Bugünlerde Mazhar Alanson da bu sözleri belki de bir mizansen yaratarak söyledi ya da bilerek söyledi onu da bilmiyoruz. Bana kalırsa Mazhar Alanson yeni değil, yıllardır sufi gibi olmayı ya da görünmeyi seviyor. Bunu da TV ekranlarında sıklıkla dile getiriyor. İnkar edeceğini sanmıyorum. Belki de bu Yandım Yandım açıklaması da öyle bir sufi görünme çabasıydı. Her dönem bu tür açıklamalar olur, olmuştur. Amacı olabilir ya da olmayabilir. Fakat Mazhar Alanson bunu ilk defa yapmıyor; ne zaman yapmıştı? Balyoz planı suçlamasıyla tutuklamaların art arda yaşandığı günlerde Twitter üzerinden bir şarkı yayınlamıştı.

Twitter'da yayınlanan ve kısa bir süre sonra kaldırıldığı 1 dakikalık şarkının sözleri ise şöyleydi:

"Balyoz, balyoz biz napıyoz

Balyoz,balyoz nereye gidiyoz

Sen gez dur, gez dur dur sen

Orada her şey balyoz"

Mazhar Alanson gitar ve mızıka ile çaldığı şarkısını amatör çekim bir video ile çekip yayınlamıştı. Mevlüt Tezel bu yayın üzerine Mazhar Alanson’u arayıp hayırdır, nedir bu şarkı diye telefon açtığını köşesinden yazmıştı. Mazhar Alanson, Mevlüt Tezel’e şarkının hikayesini şöyle anlatmıştı:

"Gırgır, mizah yapıyoruz Mevlüt'cüm... Akşam fazla Balyoz haberi izledim galiba, birden böyle bir şarkı çıktı. Aldım elime gitarı doğaçlama bir şeyler mırıldandım. Yoksa ben öyle özensiz şarkı sözleri yazmam. Ancak şarkı manyak ilgi gördü. Ahmet Hakan, Twitter'da 'Mazhar Baba AK Parti Marşı bestelesin' yazmış gırgırına ama Balyoz herhangi bir tarafa yapılmış bir şarkı değil. Dinlediğin gibi, herhangi bir mesajı yok. Bu şarkıda herhangi bir protesto da yok yani."

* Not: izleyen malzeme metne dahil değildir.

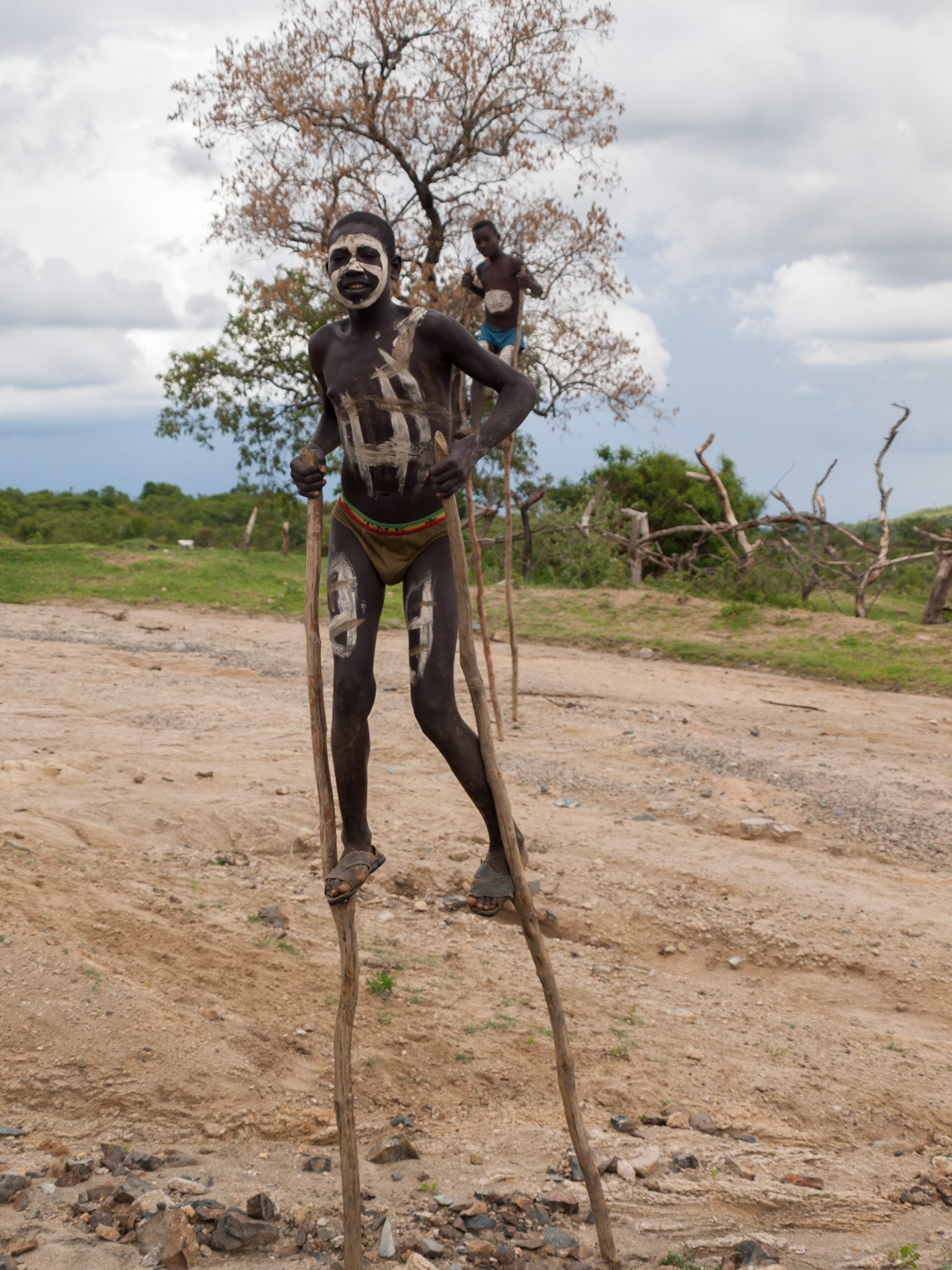 Teenage Banna boys in stilts with painted bodies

Sonuç olarak söylemek istediğim şu; Mazhar Alanson’un son günlerdeki söyleminden daha çok 12 Eylül sonrası sanatçıların yaptıkları açıklamalar benim için daha önemli. Her devir, her dönem kendi özellikleriyle değerlendirilmeli diye düşünüyorum.